About this exercise: Could you print out every entry, character for character?

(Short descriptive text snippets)
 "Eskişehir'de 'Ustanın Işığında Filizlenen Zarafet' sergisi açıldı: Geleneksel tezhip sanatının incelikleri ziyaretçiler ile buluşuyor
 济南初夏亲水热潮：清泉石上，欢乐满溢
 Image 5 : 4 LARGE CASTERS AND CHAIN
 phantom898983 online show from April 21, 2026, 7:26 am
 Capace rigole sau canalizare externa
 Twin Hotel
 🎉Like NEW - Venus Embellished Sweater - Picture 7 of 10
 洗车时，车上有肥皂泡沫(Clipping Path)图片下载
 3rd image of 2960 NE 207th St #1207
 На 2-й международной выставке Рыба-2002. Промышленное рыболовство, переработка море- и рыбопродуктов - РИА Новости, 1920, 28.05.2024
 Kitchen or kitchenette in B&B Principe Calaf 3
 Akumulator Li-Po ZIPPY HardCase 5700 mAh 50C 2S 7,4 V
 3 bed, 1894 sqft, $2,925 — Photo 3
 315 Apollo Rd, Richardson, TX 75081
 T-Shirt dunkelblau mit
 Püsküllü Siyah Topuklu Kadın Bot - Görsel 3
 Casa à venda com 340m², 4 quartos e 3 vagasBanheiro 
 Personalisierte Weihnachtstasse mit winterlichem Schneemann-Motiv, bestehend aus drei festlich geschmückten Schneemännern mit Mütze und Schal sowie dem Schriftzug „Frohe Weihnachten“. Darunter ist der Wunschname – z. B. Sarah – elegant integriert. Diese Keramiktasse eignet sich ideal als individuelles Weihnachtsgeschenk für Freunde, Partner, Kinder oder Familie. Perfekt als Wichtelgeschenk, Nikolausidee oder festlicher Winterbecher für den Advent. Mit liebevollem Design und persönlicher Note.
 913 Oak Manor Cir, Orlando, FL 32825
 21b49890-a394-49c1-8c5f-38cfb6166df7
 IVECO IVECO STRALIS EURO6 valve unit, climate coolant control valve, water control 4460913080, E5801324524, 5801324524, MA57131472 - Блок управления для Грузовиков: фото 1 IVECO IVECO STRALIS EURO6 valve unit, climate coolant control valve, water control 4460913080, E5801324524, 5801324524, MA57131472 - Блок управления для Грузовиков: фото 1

Problem solution:
 "Eskişehir'de 'Ustanın Işığında Filizlenen Zarafet' sergisi açıldı: Geleneksel tezhip sanatının incelikleri ziyaretçiler ile buluşuyor
 济南初夏亲水热潮：清泉石上，欢乐满溢
 Image 5 : 4 LARGE CASTERS AND CHAIN
 phantom898983 online show from April 21, 2026, 7:26 am
 Capace rigole sau canalizare externa
 Twin Hotel
 🎉Like NEW - Venus Embellished Sweater - Picture 7 of 10
 洗车时，车上有肥皂泡沫(Clipping Path)图片下载
 3rd image of 2960 NE 207th St #1207
 На 2-й международной выставке Рыба-2002. Промышленное рыболовство, переработка море- и рыбопродуктов - РИА Новости, 1920, 28.05.2024
 Kitchen or kitchenette in B&B Principe Calaf 3
 Akumulator Li-Po ZIPPY HardCase 5700 mAh 50C 2S 7,4 V
 3 bed, 1894 sqft, $2,925 — Photo 3
 315 Apollo Rd, Richardson, TX 75081
 T-Shirt dunkelblau mit
 Püsküllü Siyah Topuklu Kadın Bot - Görsel 3
 Casa à venda com 340m², 4 quartos e 3 vagasBanheiro 
 Personalisierte Weihnachtstasse mit winterlichem Schneemann-Motiv, bestehend aus drei festlich geschmückten Schneemännern mit Mütze und Schal sowie dem Schriftzug „Frohe Weihnachten“. Darunter ist der Wunschname – z. B. Sarah – elegant integriert. Diese Keramiktasse eignet sich ideal als individuelles Weihnachtsgeschenk für Freunde, Partner, Kinder oder Familie. Perfekt als Wichtelgeschenk, Nikolausidee oder festlicher Winterbecher für den Advent. Mit liebevollem Design und persönlicher Note.
 913 Oak Manor Cir, Orlando, FL 32825
 21b49890-a394-49c1-8c5f-38cfb6166df7
 IVECO IVECO STRALIS EURO6 valve unit, climate coolant control valve, water control 4460913080, E5801324524, 5801324524, MA57131472 - Блок управления для Грузовиков: фото 1 IVECO IVECO STRALIS EURO6 valve unit, climate coolant control valve, water control 4460913080, E5801324524, 5801324524, MA57131472 - Блок управления для Грузовиков: фото 1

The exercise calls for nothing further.